So if I say something to you and you feel like you want to cry, my sincere hope is that you will allow yourself your tears. Or laughter, or anger! But not walk away! I want you to learn how to keep being here anyway. This is one of the greatest gifts you can give each other here: be real and allow everybody else here to experience whatever they experience in encountering your realness. This is what makes The Art of Being different from what’s happening out there in the world. People are afraid to affect each other. It is as though everybody is wearing a ‘Do not disturb!’ sign. Then we are all isolated from each other, afraid to touch each other’s feelings. Our feelings are how we find each other!
T.S. Eliot in one of his poems has a very timid man ask: Do I dare disturb the universe? Yes, and each other. It’s all about your intention. If you have bad intentions, it just means that you need to make friends with the fears and wounds that drive them. If your intention is to open your heart, awaken into being and learn how to BE IN LOVE, that’s all the intention you really need. Then if your man is upset by your truth, let him be upset. And you can say to him, I’m sorry you’re upset, I love you anyway. You can even say goodbye with love if you have to.
April 21, 2013
I posted this on my old blog about 18 months ago. Something moves me to re-post it here today. Perhaps it has relevance for someone out there who reads my blogs?
“This is a really important time for you. The door that I talked about is open – that is why you feel that there is no protection in front of your heart. The protection was the wall that kept you safe, but it kept you safe from your heart. Now the wall is falling down, leaving your heart and all your feelings open. This of course makes you also afraid. It is so unfamiliar to you to be so open, and you cannot be open on one side – the sweet, light and beautiful – without also being open on the other side – the dark and scary wounds that you carry, mostly from your childhood, in your psyche. It sounds so simplistic to say it, but it is true nevertheless that all you need to do now is stay open – keep feeling everything, including the fear, WITH FRIENDLINESS. Loneliness, despair, emptiness – allow yourself to experience all of these, until they are no longer frightening to you. They are demons guarding the treasure! If you allow yourself to embrace them, you will find your way to a happiness that is no longer haunted by fear. But you have to be willing to go through the fear to find the light. It is what mystics call, “the dark night of the soul”. And everyone who really means to awaken to their whole being has to come to, and dare to pass through, this night. Embrace your inner experiences whatever they are. And know that here is a friend who has travelled this path and so can be in spirit with you as you walk yours.”
October 29, 2012
A lot of love relationships hit the wall because of jealousy. It helps to understand what this dark force really is. It is not an inevitable by-product of love. It is rooted in fear, not in love. It comes from being antagonistic towards feelings that you are unwilling to accept in yourself. The feelings – like loneliness, heartbreak, grief, anger, helplessness, despair and fear itself – nearly always originate in a childhood where you were not taught to accept your feelings. Usually the antagonism is directed outwards against others. Ironically, it is your intimate partner who usually bears the brunt. Sometimes people direct the antagonism against themselves, turning themselves into victims. Either way, your attitude is essentially hostile and unloving.

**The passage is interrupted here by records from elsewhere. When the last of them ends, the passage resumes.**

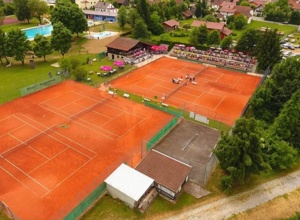 Sanierung Sanitäranlagen Tennisclub Hofkirchen e.V.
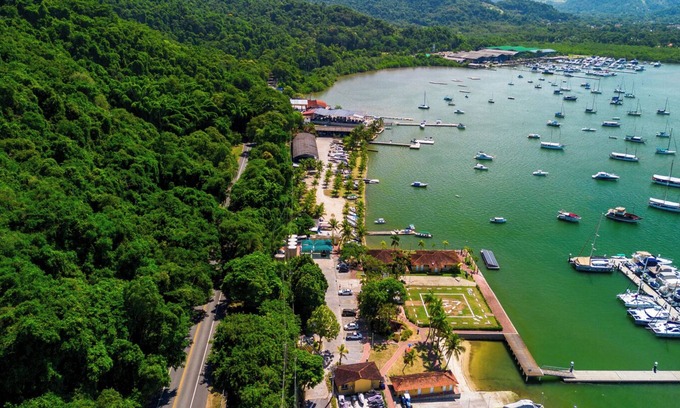 Pontal Ski Chalet | Chalé com WiFi, próximo do centro e da praia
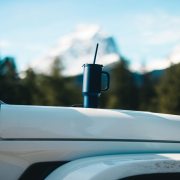 Alpin-Flow RCS Isolierbecher 480ml: Dein nachhaltiger Begleiter für Büro & Outdoor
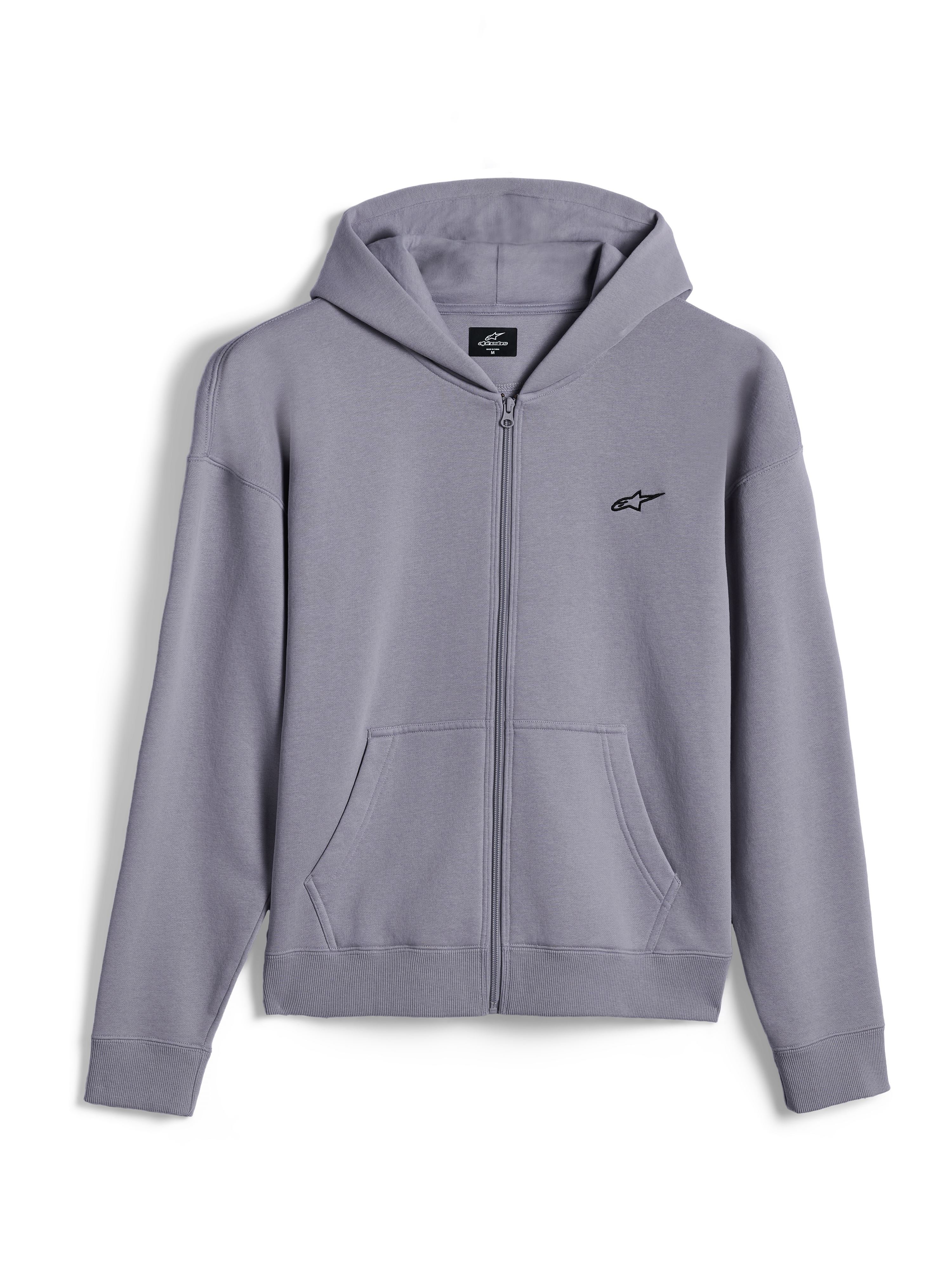 Essentials Ageless Zip Hoodie | Alpinestars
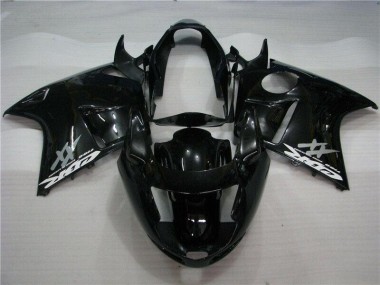 Carénage Moto CBR 1100 XX 96-07 - Noir
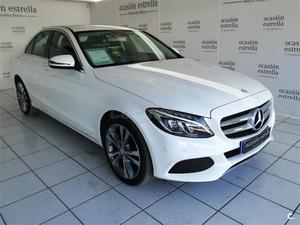 MERCEDES-BENZ Clase C C 220 d Sportive Avantgarde 4p.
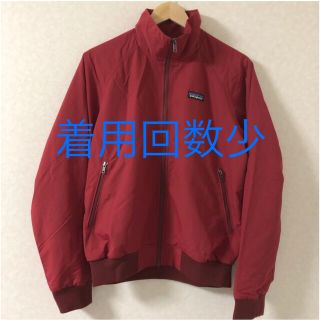 Patagonia インファーノジャケット　レッド　赤　野村訓一着用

There is only one way to handle your jealousy with integrity, and it is not easy. But then, what people do with their jealousy is not easy either – so much nastiness, and about as merciless as war! It is one of the insanities of being human. Like infants, we refuse to take responsibility for the destructive feelings that come up in us. We would rather lash out than say hello to our pain, rage, tears and despair. It is understandable, but only the same way that a two year-old’s temper tantrum is understandable.

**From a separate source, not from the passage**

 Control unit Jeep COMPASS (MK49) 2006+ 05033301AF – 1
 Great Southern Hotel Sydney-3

And there is very little in our culture that helps. The media all milk the jealousy soap-operas for the dramas they get out of them, and a lot of pop songs praise possessiveness as though it is the holy grail of love, when it is really only the fear of being lonely. So it is quite normal for people to create hell in their relationships when what they really need to do is make friends with the demons in their own inner hell.

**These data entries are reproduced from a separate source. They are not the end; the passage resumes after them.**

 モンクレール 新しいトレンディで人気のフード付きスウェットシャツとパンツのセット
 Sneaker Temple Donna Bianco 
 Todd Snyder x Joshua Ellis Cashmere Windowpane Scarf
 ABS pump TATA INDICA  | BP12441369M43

Life is a very insistent teacher. Until you surrender to what you have to learn, you go on having unhappy relationships. You walk out of your marriage furious because your partner had an affair. You slam the door and get a divorce, and tell yourself never again. Two years later you’re slamming the door and getting a divorce again, and so it goes on until you’re willing to turn around and say hello to the pain, fear, panic, terror, loneliness, abandonment, the feeling of love having gone forever and never coming back, and all the other horror stories you may go through in your jealousy.
The only healthy, and for that matter healing, way to deal with your jealousy is to do nothing and feel everything! Do nothing against your partner, put nothing on your partner, and do nothing against yourself either – no victim trip, no turning yourself into an ambulance case. You have to sit alone in the transforming fire of your hell and make friends with all your darkness. And that, believe it or not, is as simple as breathing! Yes, you cry, you fry, you feel at times like you’re gonna die, but still, IT IS ALL ONLY YOU! You breathe into whatever you are experiencing, and as you breathe out, you surrender to it. You agree to experience it all, for one awesomely simple reason: BECAUSE IT IS SO. You agree to make friends with your inner weather, whatever the weather! Yes, I know it seems impossible! It isn’t. Really! Once you have been through its fire and honestly embraced all your demons, you become happier than you have ever been in your life. Now you love yourself and you don’t need to find anyone to save you from all that you used to be so afraid of in yourself. And the most beautiful thing is that now you can really love somebody, not just want and need them!
June 4, 2012
You came here with your partner. Do you realize how rare this is? Do you realize what you’re giving yourselves in your relationship, and how extraordinary this is? There are countless couples out there who spent this weekend doing all sorts of interesting things, and who maybe didn’t have a moment of being really present with each other. The world has become so used to people being more absent than present that it has become normal for people to live their relationships as a kind of shared absence – being comfortably absent together. TV is important, shopping is important, alcohol is important. All kinds of things cansave couples from facing the fact that they actually don’t meet each other. People can be quite lonely in their relationships!
Of course there are lots of people who are having a beautiful time with each other. Still, you only have to be here in this circle for a short while to realize what incredible treasures and untouched mysteries there are to be discovered in really being with your beloved. It is a privilege to sit here with you all now and to sense the depth of your communion with your partners. It happened because you chose to look after the love – yes, and the shadows! – of your relationships. They teach us to care in all kinds of ways. When you bring your partner to tears, for example – not that you meant to, but you were careless, a bit hurtful – their tears teach you to care. In all kinds of ways you are teaching each other. Sometimes they’re really tough ways. Your partner says, “I’ve had enough, I’m leaving”, and you realize how much you care, that you can’t go on living in your old I don’t care habit. Most of the ways that we learn to care for each other are sweeter, like coming to Love and the Shadow! I thank you all for being here.
And remember too: your relationship is not only a beautiful gift of giving and receiving love. It is also an invitation to each of you to wake up and feel the richness of your inner life. That has been such an important element of this experience. So please, just take a moment and meet your beloved’s eyes and feel the invitation to be present! The invitation is always here, now.